Expect over the next few years to see a flood of new apps that do a better job of working through spoken interface. Already there are interesting new ventures that plan on incorporating Watson. For example, the founder of Travelocity wants to roll out a service called WayBlazer that will help you figure out things to do when you travel. The goal is to help you find activities that interest you rather than being steered to the normal tourist traps. A start-up called LifeLearn wants to build a tool to help veterinarians diagnose pet ailments better. A company called SparkCognition wants to offer a service to help security people spot security risks by having Watson ‘think like a security expert’. Expect all sorts of new programs and apps that take advantage of Watson’s language interface and the ability to quickly search databases.
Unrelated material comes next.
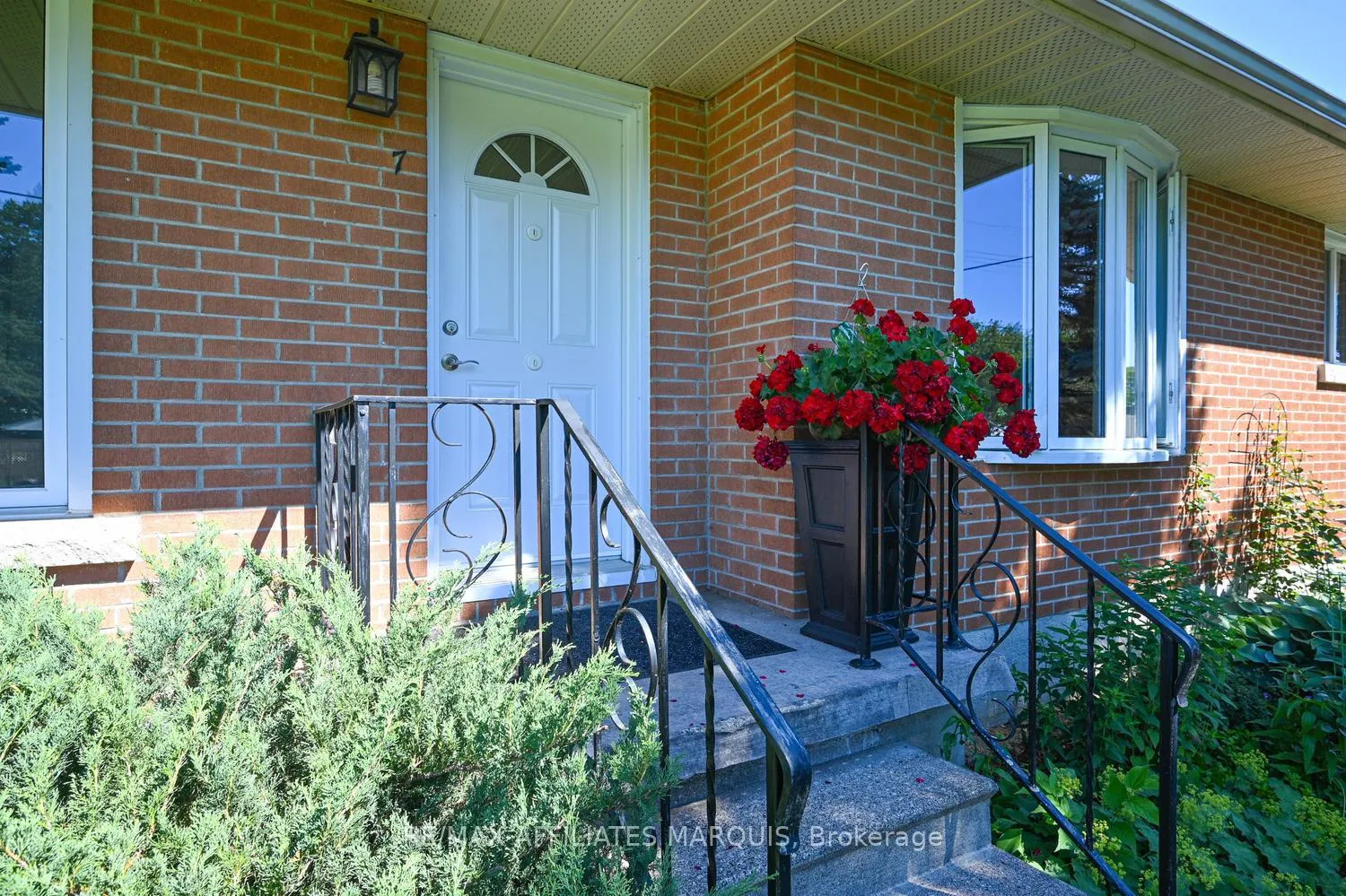 Photo 2 of 7 Ontario Street, Smiths Falls, Smiths Falls — HOMEH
This is a big breakthrough in that this is the first time that mass computational power will be brought into our daily lives through apps. Those apps are going to start doing things that we have always wanted computers to do. But let’s not forget how quickly computers are getting better. I reported last month on a company that expected to have a desktop supercomputer by 2017 that will be several magnitudes faster than Watson. Within a decade there will be computers everywhere with the power that Watson has today. And let’s also not forget that Watson is not smart and that there is zero cognition in the system. Watson doesn’t think, but rather just searches and compiles large databases quickly. That is incredibly useful and I will be glad to use Watson-based services – but this is not yet anything close to artificial intelligence.